3. Can you tell us about some of the projects you’ve supported?

We give unrestricted funding to community-led organisations and we try to fund them for the long term, some for more than 10 years. We believe in supporting the sector with holistic interventions, for example funding frontline services to immigration advice to policy advocacy. As an example in the UK, for women escaping domestic violence we support partners to offer immediate refuge, retraining for employment, to secure long-term housing and childcare for their children while at the same time advocating for the rights of domestic violence survivors when it comes to government policy. Overall, we give away between £1 million and £3 million a year.

4. So how do you measure your impact?

Of course having impact is important. Measuring it is a whole other thing. In fact I wrote a blog on it here. We would say we’re practising trust-based philanthropy, which we’ve been doing since 2015 but it’s only recently that this has become a buzzword. I think that there is a misconception about trust-based philanthropy that it is not concerned with impact. There is impact, but it’s just not necessarily measured in a visible or easily quantifiable way. If we take violence against women as an example, an organisation can tell you it worked with 100 women, and they could say five of them got back into employment and five have a salary of X amount or managed to move into a home. But it is harder to talk about trauma rehabilitation and wellbeing in the same way, even though they are important outcomes to fund. Unfortunately when funders don’t understand impact we stifle our charity partners’ ability to do deep, transformative work.

Tracking impact can cost a lot of money so I am mindful of asking grantees to spend a large part of their grant on tracking the direct impact of our funding because this can take away from the important work they are doing. Instead we spend time understanding how our partners already track their impact and how they learn from their work and the information they collect. When I first entered the sector, I was a bit naive, thinking I could skip steps to learn everything I needed to know. Looking back, I cringe because I realise it takes time to understand how communities live, what their needs are, and what realistic expectations on showing impact we, as funders, should have.

5. Is there a particular challenge you’ve encountered in your philanthropic work?

Yes, lots. I think one would be this desire to always be successful in your funding and always have maximum positive impact. I think a lot of that comes from a place of wanting to do good. But then some of it comes from unrealistic expectations that each pound will have exactly the amount of impact you’d want it to because things in real life go wrong.

The other challenge is that the world is always changing, and this means that sometimes there are neutral forces and even opposite forces pushing against you. The anti-rights movement, for example, is very focused and collaborative as it tries to take away hard-won rights from women, LGBTQ+ people and others.

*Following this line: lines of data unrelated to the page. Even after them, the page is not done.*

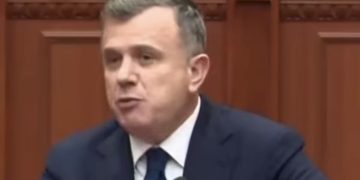 Përplasje në Kuvend, tensione në sallë pas ofendimit të Ballës ndaj Albana Vokshit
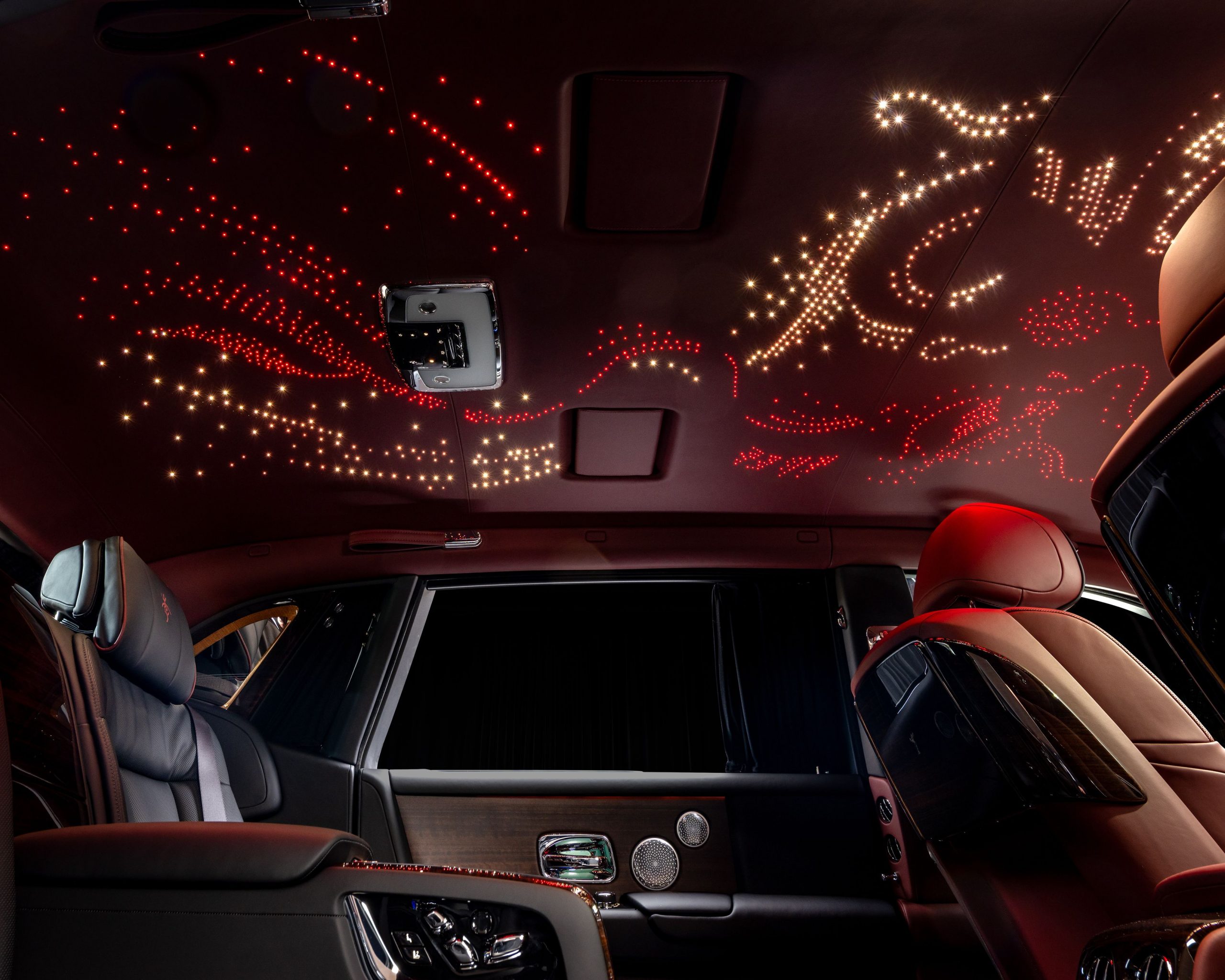 Modernisation Intérieur : CarPlay, Ciel Étoilé et Tech pour votre Auto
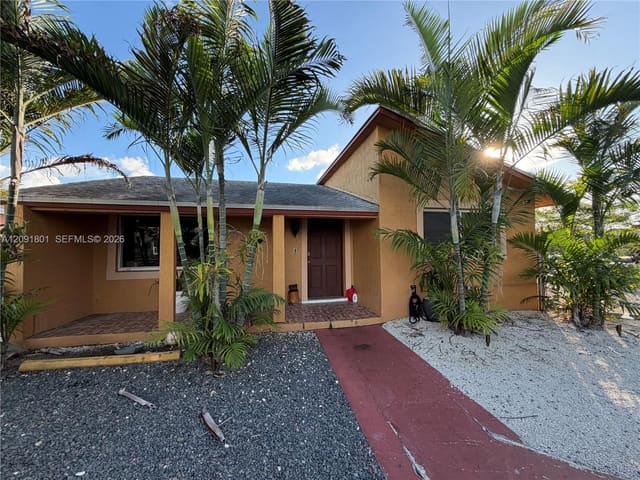 30486 SW 162nd Place, Comfort Villas 1st Addn, Homestead, FL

6. What’s been the most satisfying, rewarding thing you’ve been involved with?

I think it’s seeing the change achieved by our partners. I’ve loved working with Dasra, I am also on their board so I know them well. GMSP supported their Rebuild Fund, which was about getting money to much smaller organisations that are outside of the metro cities, in smaller communities. I attended a brilliant conference in Mumbai where there were seven different Indian languages being spoken, and this reminded me that doing these conferences in English is linked to the power dynamic of expecting these small organisations to be able to communicate in the way that works for us. I loved being part of that, especially because GMSP provided only part of the funding and where there are more donors, there is an accelerated impact.

 

 

7. Your parents obviously have been very successful in business, and you’ve had your own business career. So how have you as a family used that business experience and brought that to your philanthropy?

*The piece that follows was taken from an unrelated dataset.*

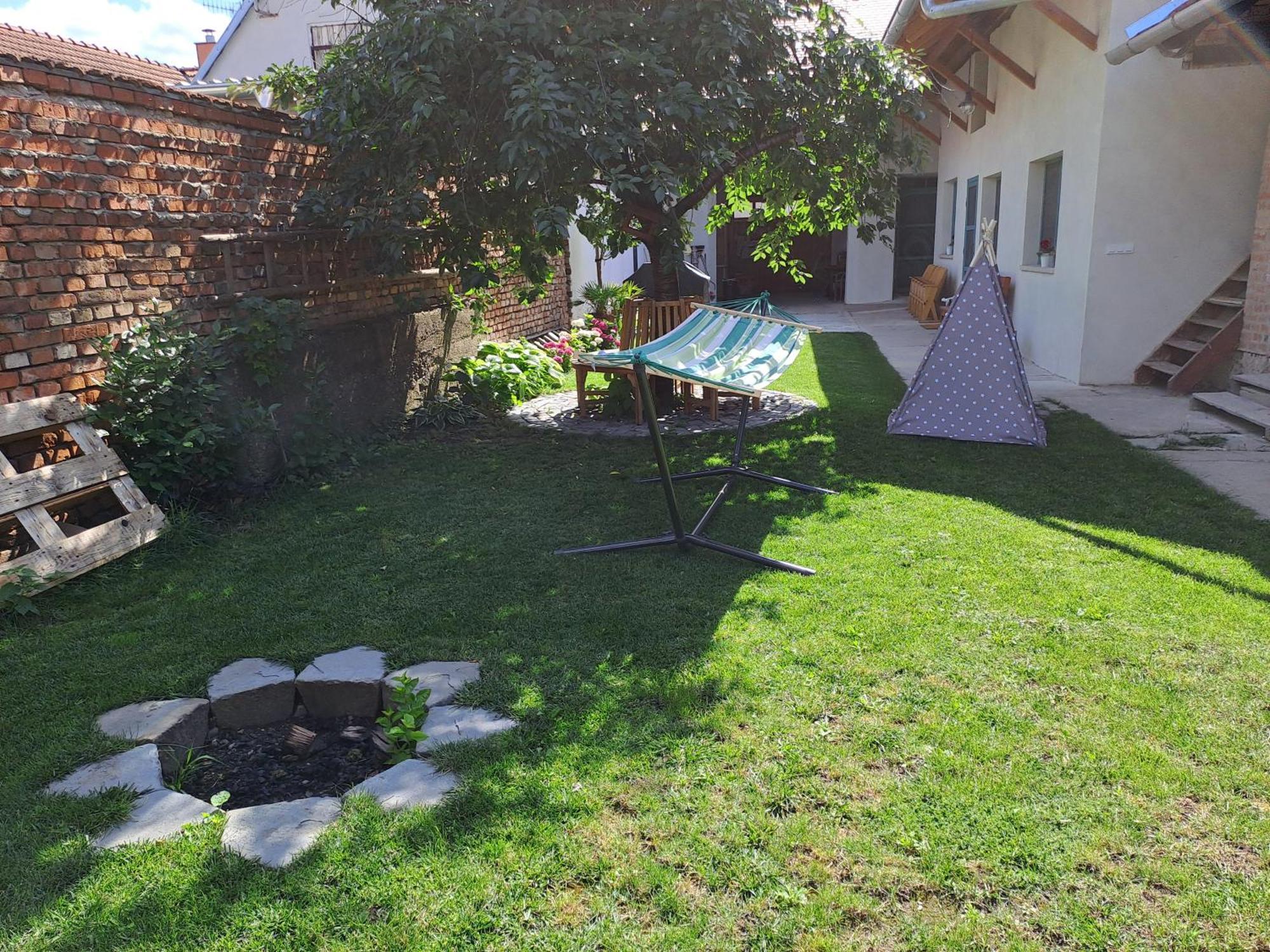 Mirabelka Rakvice Apartment Exterior photo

I believe that a good philanthropist does a lot more than just bring funding. Bringing your skills and your networks is really important. People often underestimate how much the kind of networks they have can help in the work. We’ve been mindful to try and use our areas of expertise where relevant. One example I can think of is when we funded the Akshay Patra Kitchen in Watford (Akshaya Patra is the world’s biggest food charity). When we partnered with them to bring this work to the UK, my father lent his skills finding property sites, architects and builders, and Akshaya Patra were delighted because their expertise is in creating hot nutritious meals not in UK property, so it was a good meeting of skills.  But I am conscious of not thinking we know the answers just because we were successful in business and so let us solve the problem! We are very aware of not always having the relevant knowledge, and we put our faith in the expertise of the community and our grantee partners.

8. How do the different generations in your family work together?

My parents and I work really well together because our foundation is built on the same values that we hold dear as a family, and that has always been our bedrock. Whenever we’re confused about something, we’ll come back to our values and ask ourselves: What do we think, not just about this one thing but our whole approach to life and our family?

I often hear from other Next Gen philanthropists that they worry their work will be negatively impacted by family dynamics, but there are certain things you can put in place that can help such as having really clear roles. With my children, we’re taking a similar approach to my parents, which is that we’re involving them in lots of elements of giving which aren’t linked to the GMSP Foundation. Our focus is on giving them this sense of spiritual solidarity – respecting others, giving whatever they can and creating a positive impact on the world through their actions. We engage them in conversation about the world around them – and especially around their own privilege.

9. What are the lessons that you have learnt in your philanthropic journey that you would impart to your children, or even other philanthropists, if they came to you?

I would say number one is to get out of your own echo chamber. We don’t know what we don’t know. If you can get out of your echo chamber, you can develop a much better understanding of the issues that you’re funding. Have a look at where you mix, what kind of circles? Whose voices are you listening to? We see a huge polarisation in our society now so this point about hearing other perspectives is even more important.

Number two is to know practically how much time you have to give. I see a lot of philanthropists completely overwhelmed with application volumes. If you know you can only give a day a week of your time, don’t get involved in application reviews for example. Get the support you need to ensure you don’t slow down the work. 

Number three is to know yourself in the deeper sense.  What sparks joy for you? What do you want your legacy to be when you die? And number four – be mindful of family dynamics – segment your “stakeholders” like good businesses segment their customers. For example, my father is a “numbers man” and wants to see the spreadsheet while my mother is a “heart person” and she wants to know the individual stories of impact.

10. How do you see the general philanthropic landscape changing over the next decade?

The biggest wealth transfer in history is going to happen in the next generation and that’s going to go to women. I think the Next Gen thinks very differently about funding movements, funding activism and philanthropy and will hopefully move along that curve. I hope we will meet the challenge of funding collaboratively and in a coordinated way.

Quick fire round

Favourite charity: Dasra (a strategic philanthropy organisation facilitating partnerships between funders, non-profits, business, and government in order to help India achieve the SDGs by 2030).

Favourite philanthropist: Lynne Smitham (The Kiawah Trust, which helps educate and empower adolescent girls from disadvantaged communities in India).

Best philanthropic initiative: Think Equal, the charity for social and emotional learning for children.

Three most important skills in philanthropy: Introspecting, listening with humility and being in solidarity with your partners.

Your favourite charity campaign: Jan Sahas migrant campaign or, more generally, #MeToo. I think charity campaigns can be isolated, but movements are more powerful.